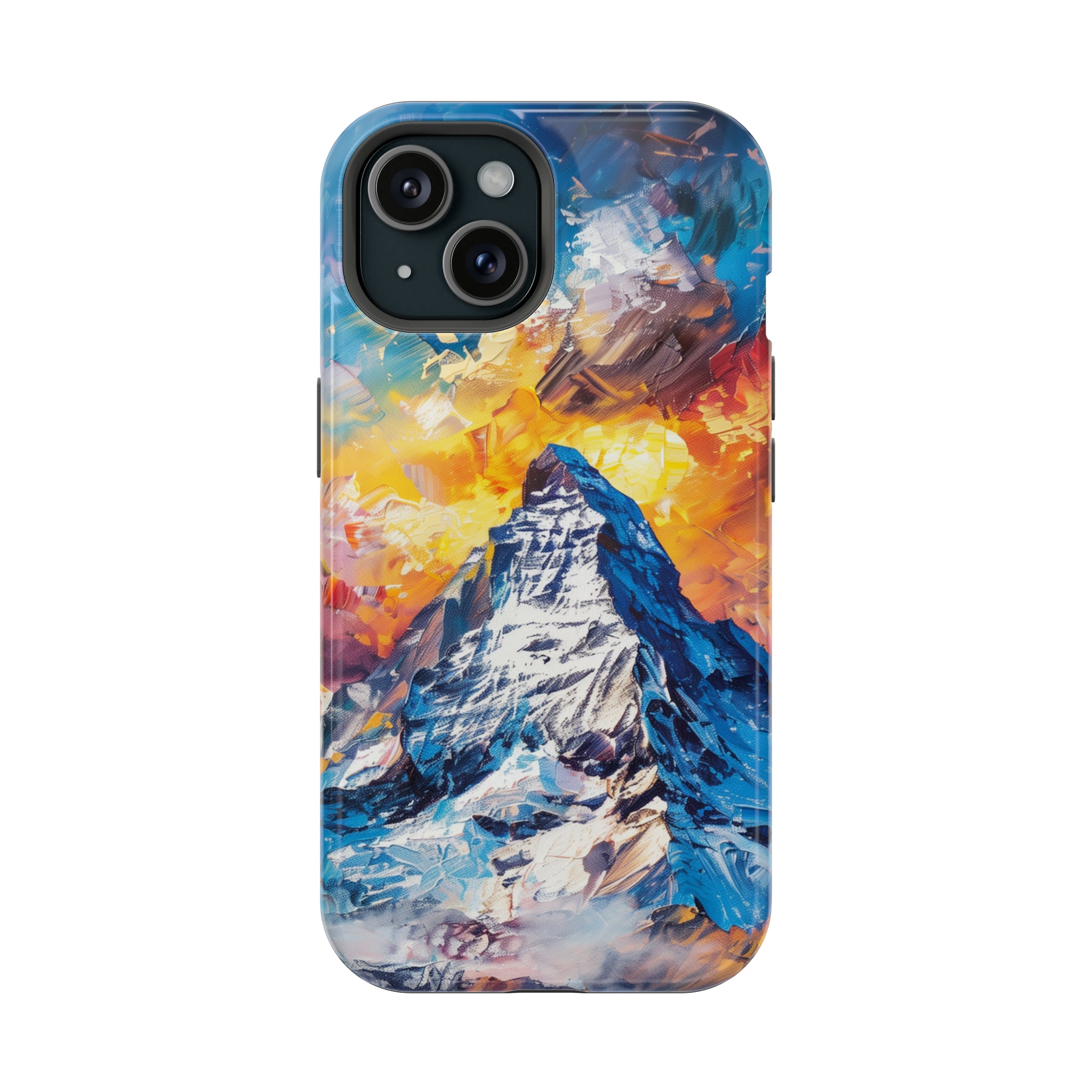 STIKISS™ Oil Paints Collection 01-009 Mount Everest iPhone MagSafe Tough Case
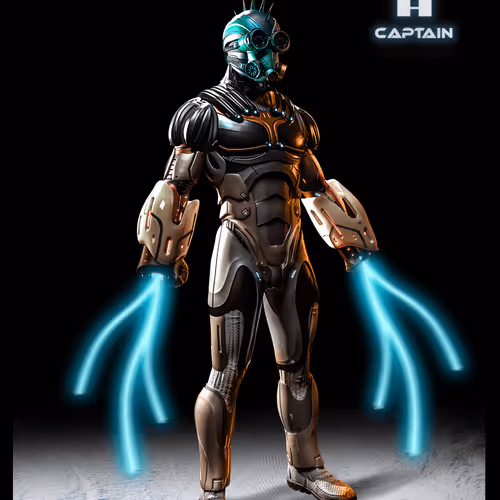 Soldiers Of The Metaverse # 4244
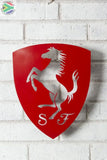 Ferrari Sf Mounted Wall Art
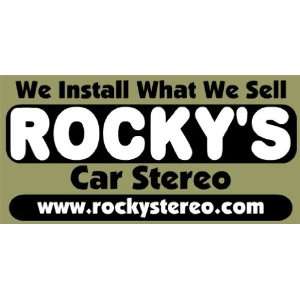  3x6 Vinyl Banner   What We Install We Sell Everything 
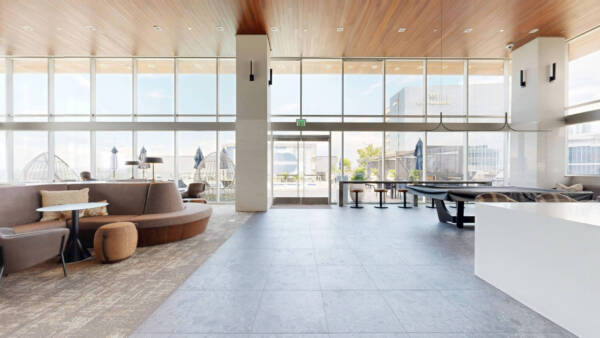 Griffis Platform Union Station Virtual Tour of Resident Lounge
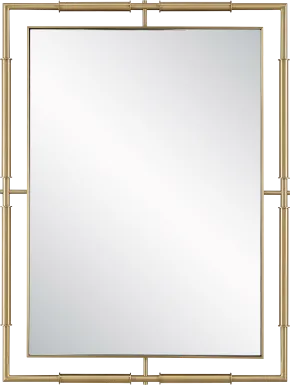 Grortir Gold Wall Mirror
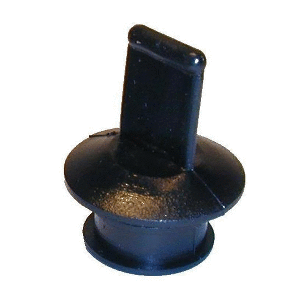 T-H-Marine PP-118-DP Push-In Drain Plug f/1-1/8" Thru-Hull & All Purpose Drains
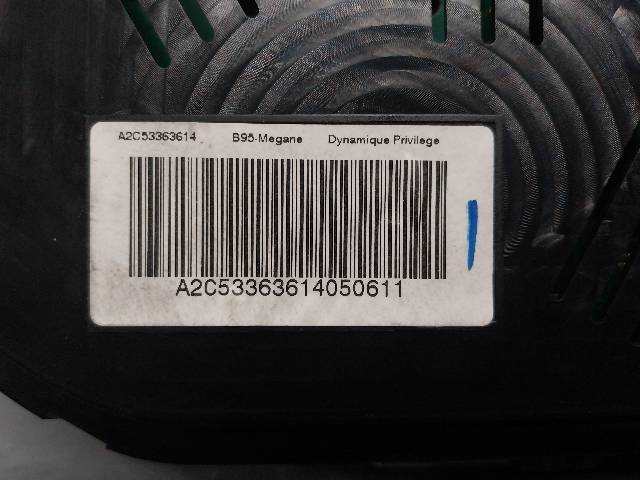 Foto 3ª: Cuadro de Instrumentos Renault Megane 1.5 D [D-K9K GB] (1970)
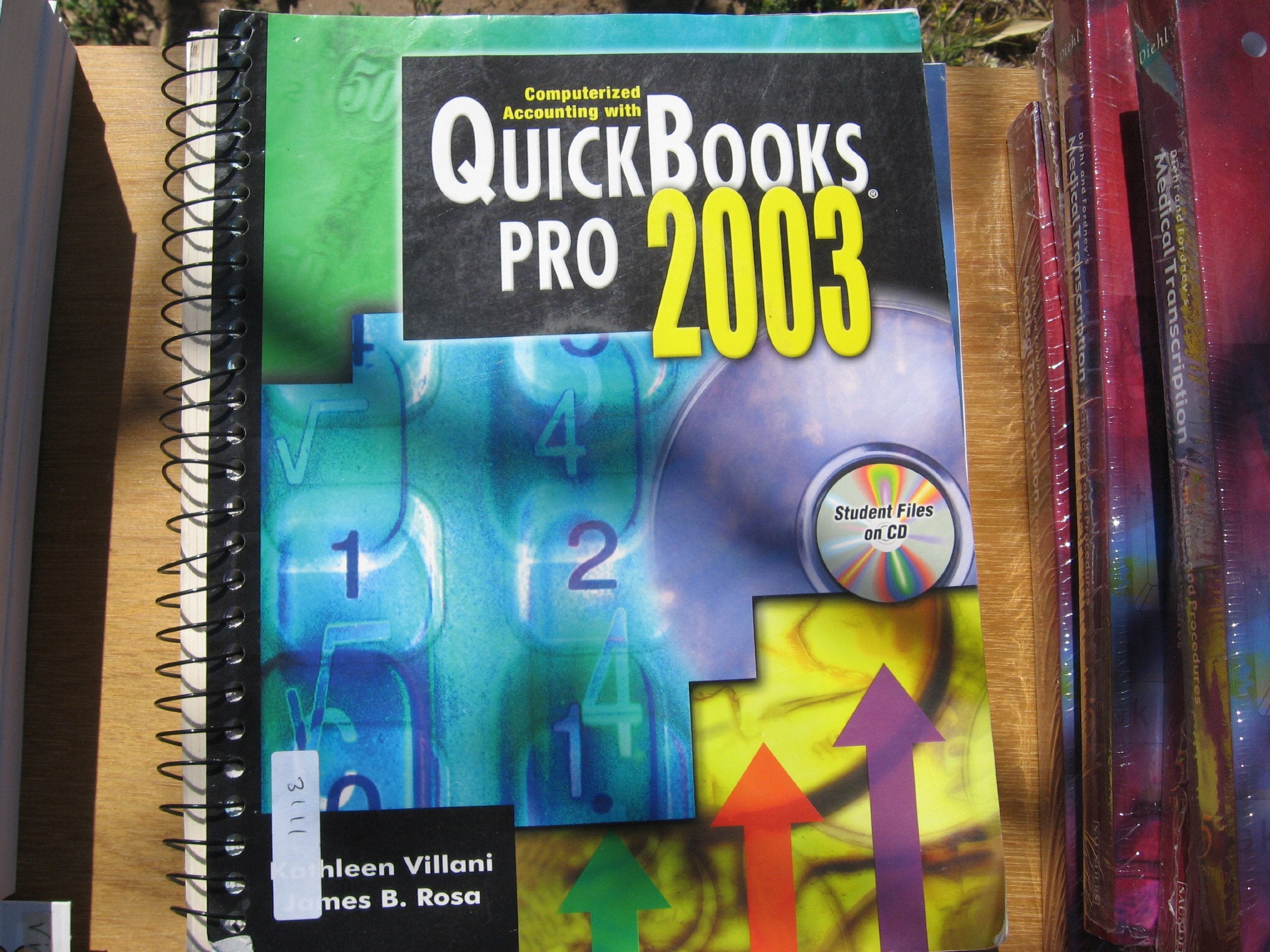 Quickbooks Pro 2003,Used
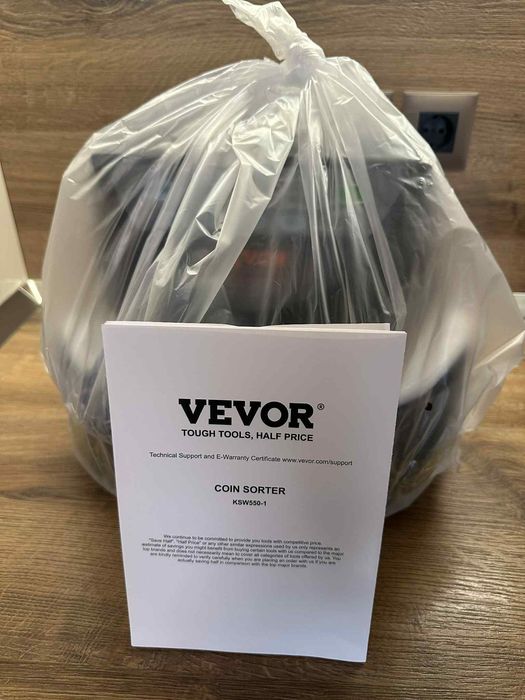 Нова!! Машина за броене на евро монетиmashina za broene na euro moneti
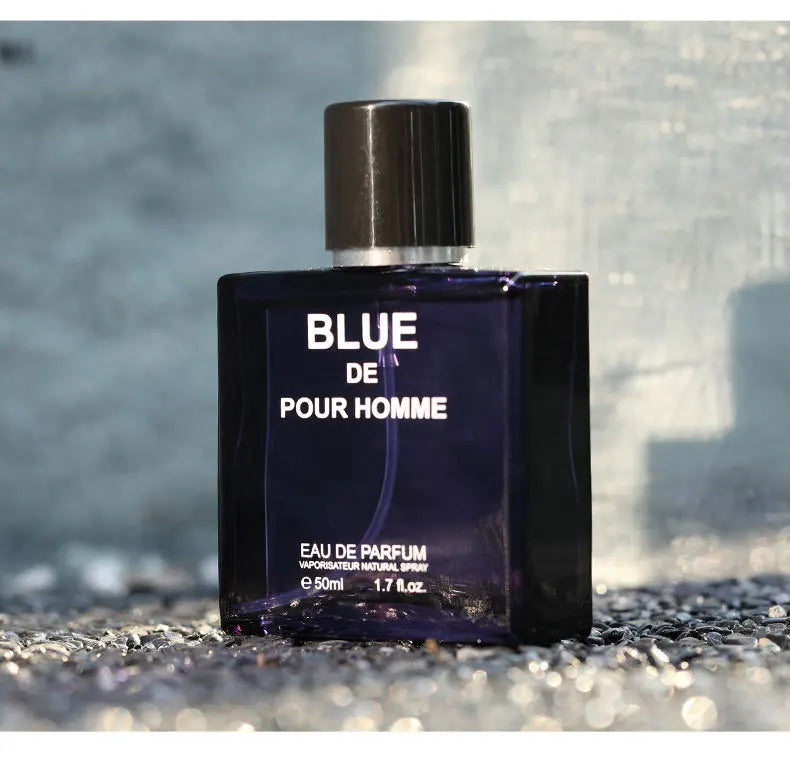 عطر أو دو بارفان للرجال 50 مل — عطر شرقي خشبي يدوم طويلاً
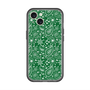 スリムプロテクションプレミアムケース with MagSafe［ ペイズリー - Green ］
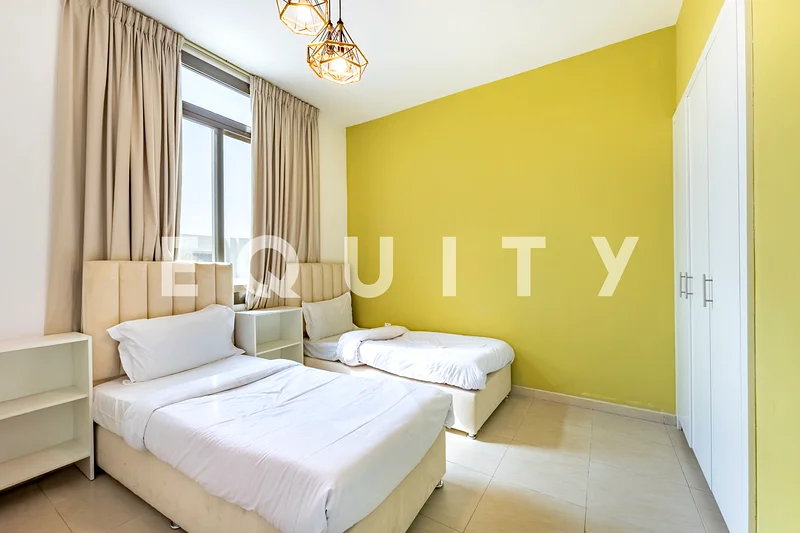 Fully Furnished | Pool and Park Facing | Vacant63807053445891113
◆ ◆ ◆ ◆ ◆
* ACTION ITEM
Since the copy should hold text only, set down each record exactly and leave the pictures out.

* REPLY TO THE TASK
 STIKISS™ Oil Paints Collection 01-009 Mount Everest iPhone MagSafe Tough Case
 Soldiers Of The Metaverse # 4244
 Ferrari Sf Mounted Wall Art
  3x6 Vinyl Banner   What We Install We Sell Everything 
 Griffis Platform Union Station Virtual Tour of Resident Lounge
 Grortir Gold Wall Mirror
 T-H-Marine PP-118-DP Push-In Drain Plug f/1-1/8" Thru-Hull & All Purpose Drains
 Foto 3ª: Cuadro de Instrumentos Renault Megane 1.5 D [D-K9K GB] (1970)
 Quickbooks Pro 2003,Used
 Нова!! Машина за броене на евро монетиmashina za broene na euro moneti
 عطر أو دو بارفان للرجال 50 مل — عطر شرقي خشبي يدوم طويلاً
 スリムプロテクションプレミアムケース with MagSafe［ ペイズリー - Green ］
 Fully Furnished | Pool and Park Facing | Vacant63807053445891113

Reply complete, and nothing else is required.